__What is needed__. Leaving out pictures, output exactly the lines below from the one that has "Motivacija i Duhovnost: Ako" through the one that has "vente-5-pieces-chatenay-malabry-86500753", and nothing else.

__Data extracts__.
--------------------------------

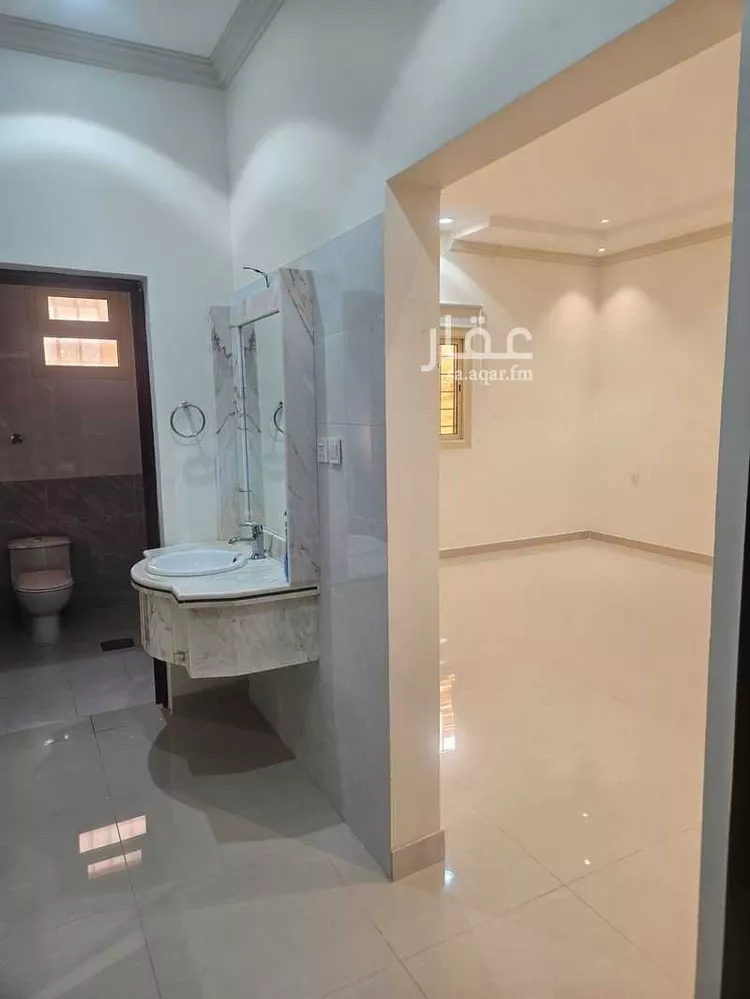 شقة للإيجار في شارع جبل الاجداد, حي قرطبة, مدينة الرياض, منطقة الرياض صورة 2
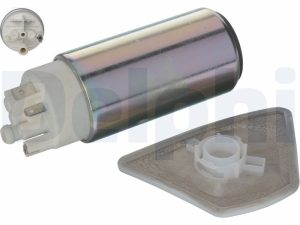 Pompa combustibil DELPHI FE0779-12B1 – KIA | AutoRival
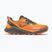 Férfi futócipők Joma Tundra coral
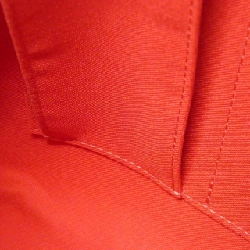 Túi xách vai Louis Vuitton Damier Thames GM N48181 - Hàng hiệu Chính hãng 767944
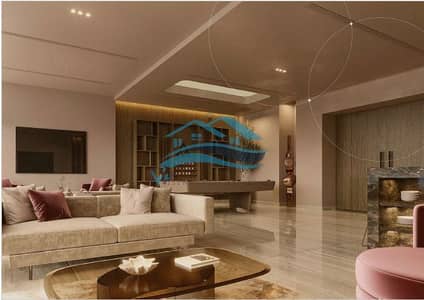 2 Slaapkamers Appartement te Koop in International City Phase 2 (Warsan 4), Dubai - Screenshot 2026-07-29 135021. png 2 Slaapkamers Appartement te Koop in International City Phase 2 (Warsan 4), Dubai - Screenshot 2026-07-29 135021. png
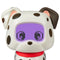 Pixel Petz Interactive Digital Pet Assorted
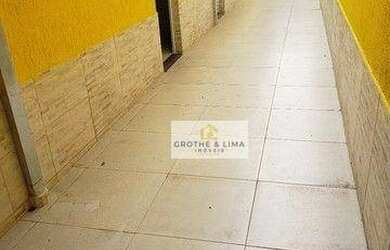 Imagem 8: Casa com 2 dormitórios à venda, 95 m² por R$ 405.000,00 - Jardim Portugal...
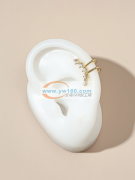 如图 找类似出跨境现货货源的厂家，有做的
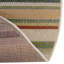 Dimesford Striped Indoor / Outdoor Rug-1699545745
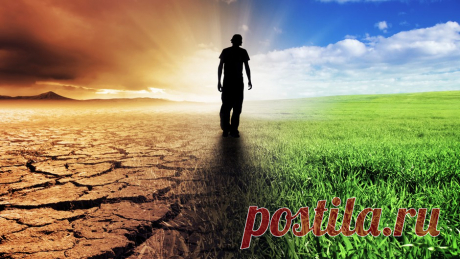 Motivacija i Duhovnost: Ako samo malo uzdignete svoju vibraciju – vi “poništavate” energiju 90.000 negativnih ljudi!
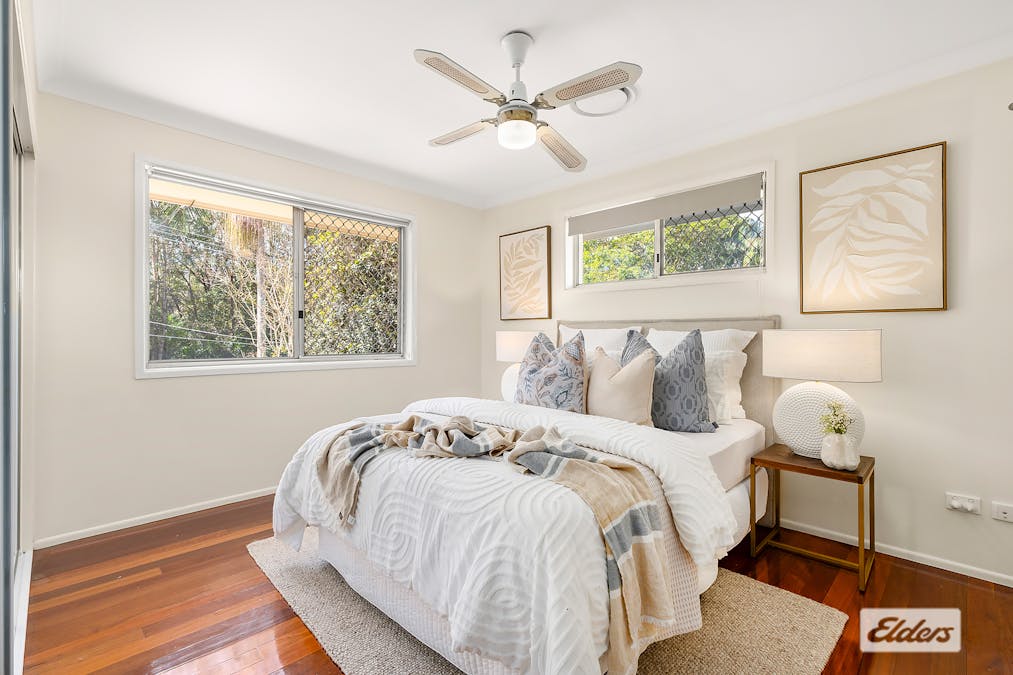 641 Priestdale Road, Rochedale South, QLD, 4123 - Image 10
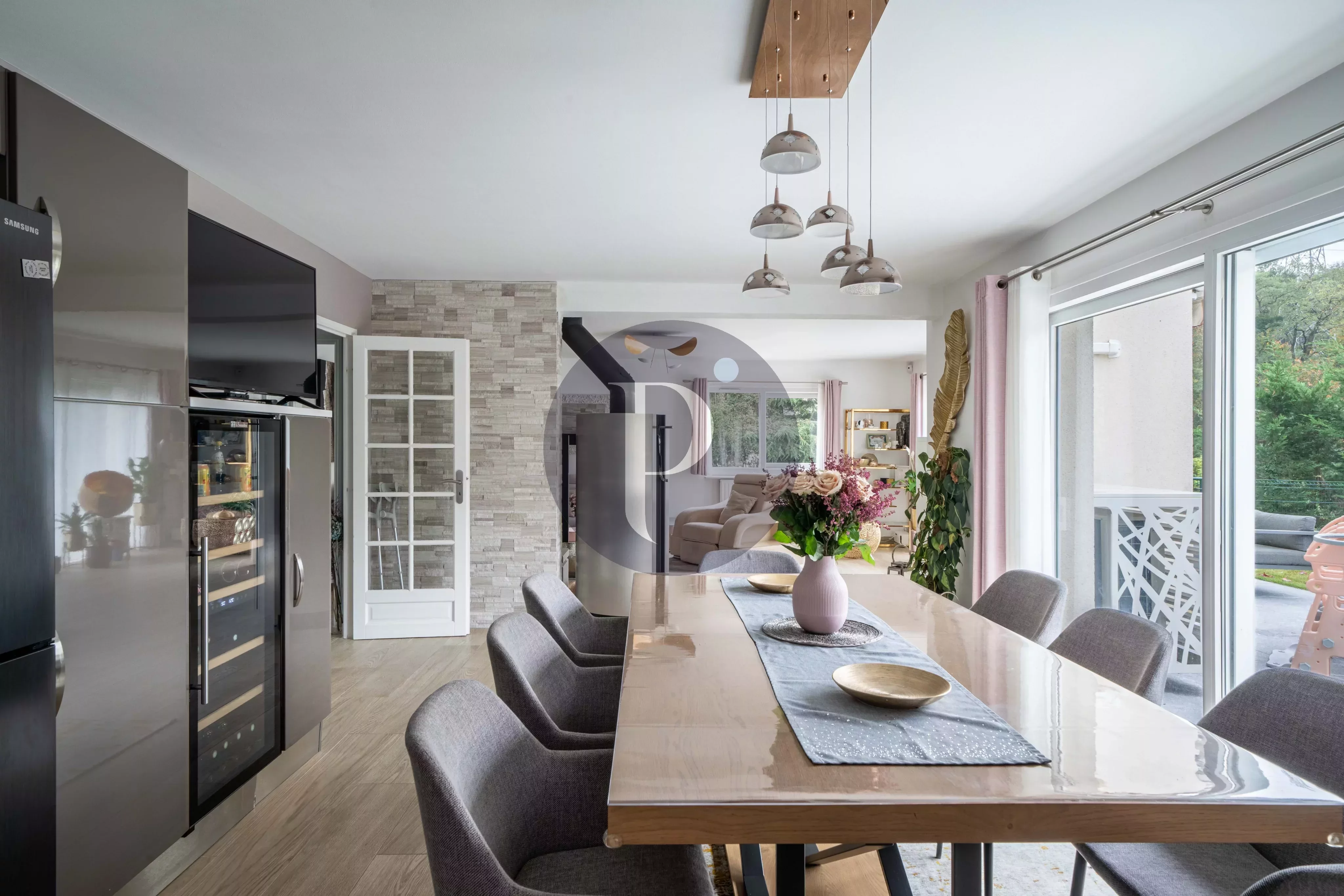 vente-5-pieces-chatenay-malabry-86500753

--------------------------------

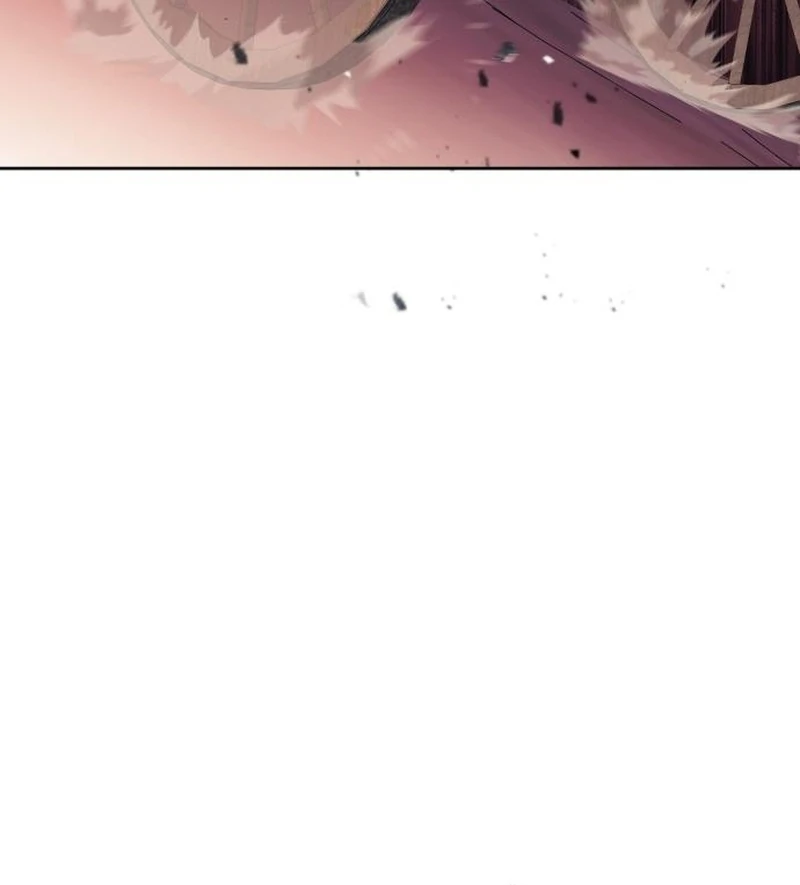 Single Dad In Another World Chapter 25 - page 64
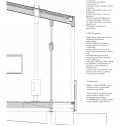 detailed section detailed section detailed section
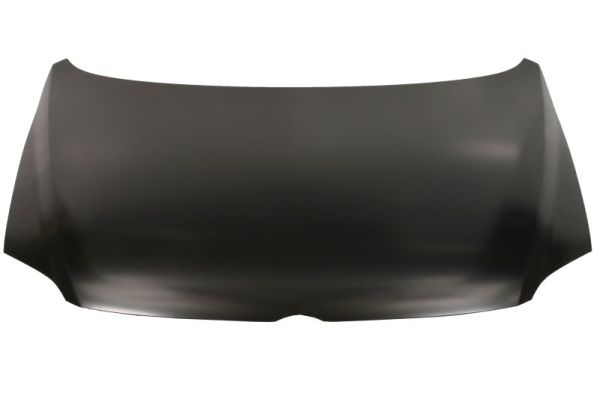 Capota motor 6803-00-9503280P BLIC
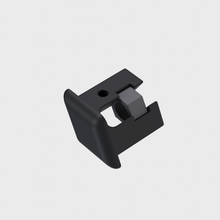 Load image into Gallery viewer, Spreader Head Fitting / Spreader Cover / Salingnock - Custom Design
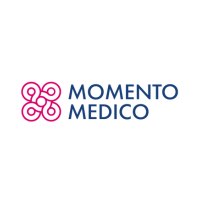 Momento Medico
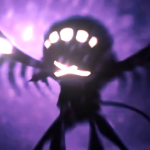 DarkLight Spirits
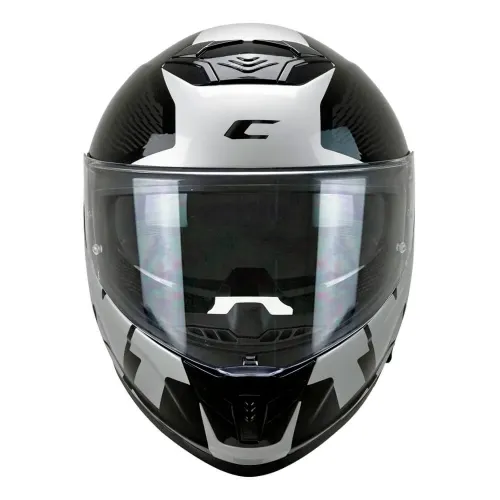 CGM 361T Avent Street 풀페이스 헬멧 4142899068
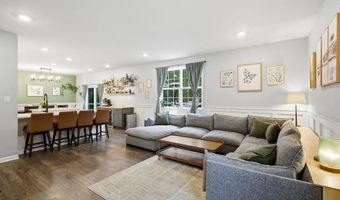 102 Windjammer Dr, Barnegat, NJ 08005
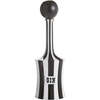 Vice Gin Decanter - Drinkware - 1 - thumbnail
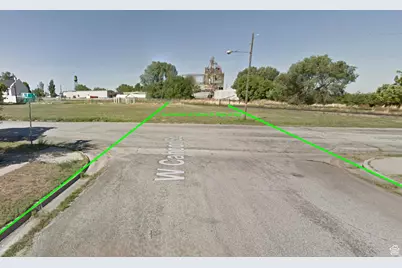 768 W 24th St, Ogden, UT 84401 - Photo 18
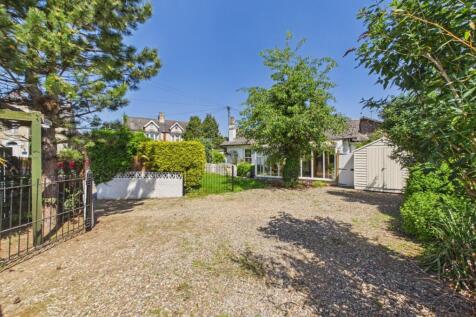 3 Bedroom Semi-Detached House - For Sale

--------------------------------

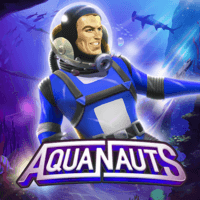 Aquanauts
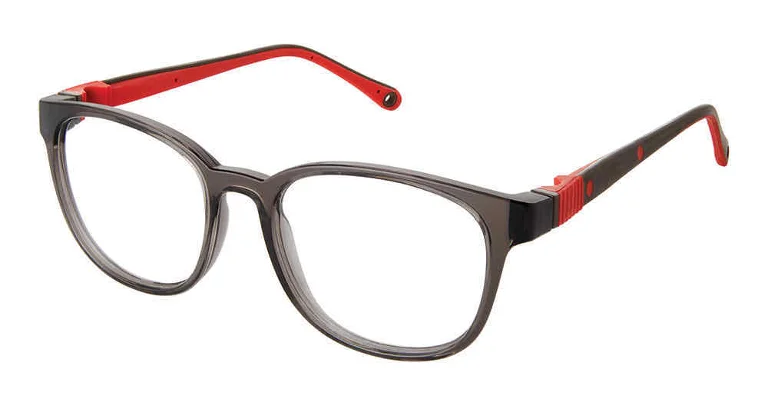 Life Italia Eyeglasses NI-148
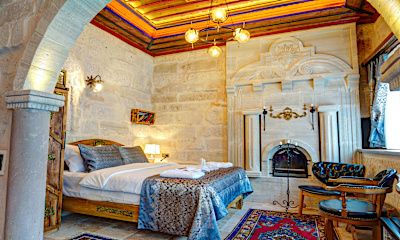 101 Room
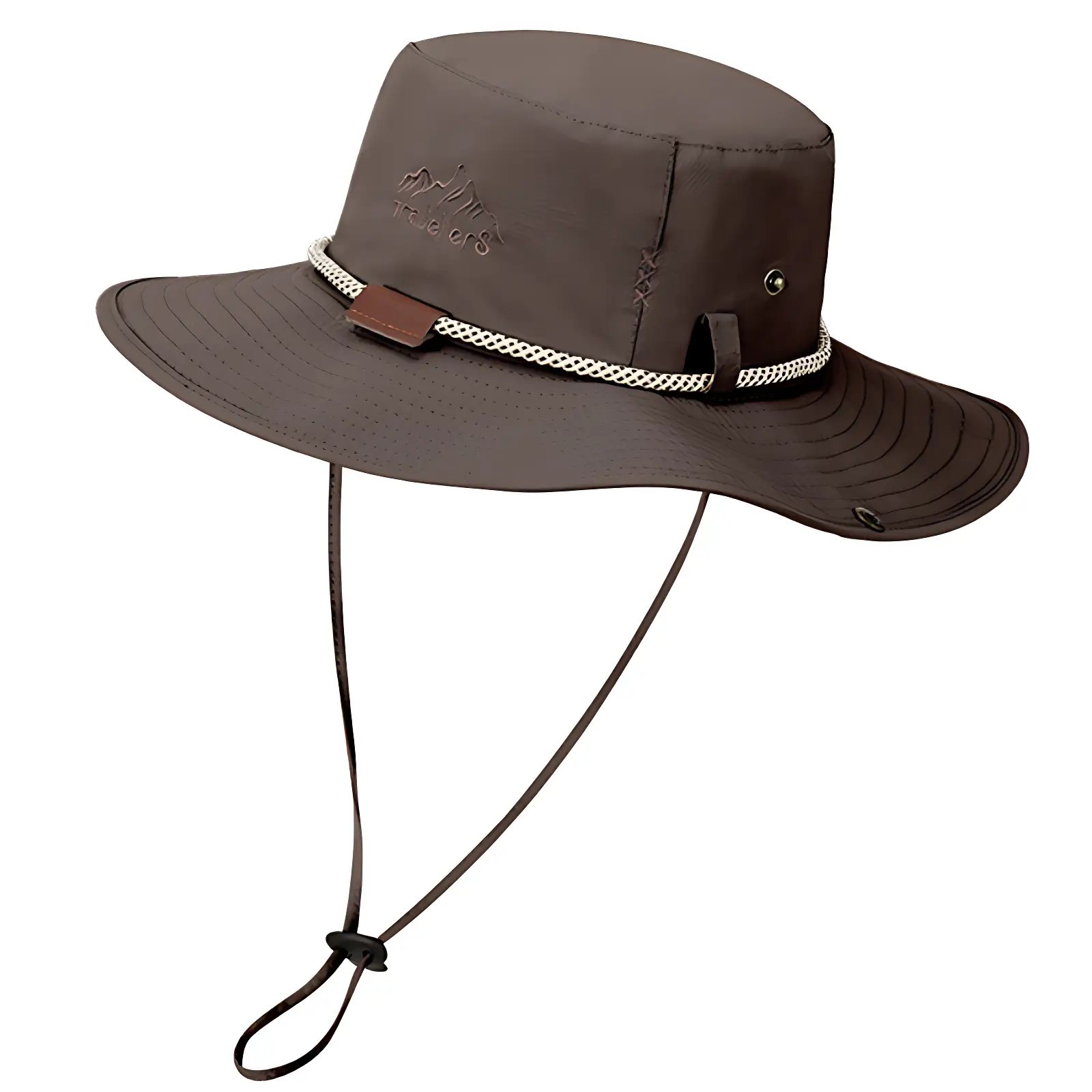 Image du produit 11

--------------------------------

__Answer space__.
 Motivacija i Duhovnost: Ako samo malo uzdignete svoju vibraciju – vi “poništavate” energiju 90.000 negativnih ljudi!
 641 Priestdale Road, Rochedale South, QLD, 4123 - Image 10
 vente-5-pieces-chatenay-malabry-86500753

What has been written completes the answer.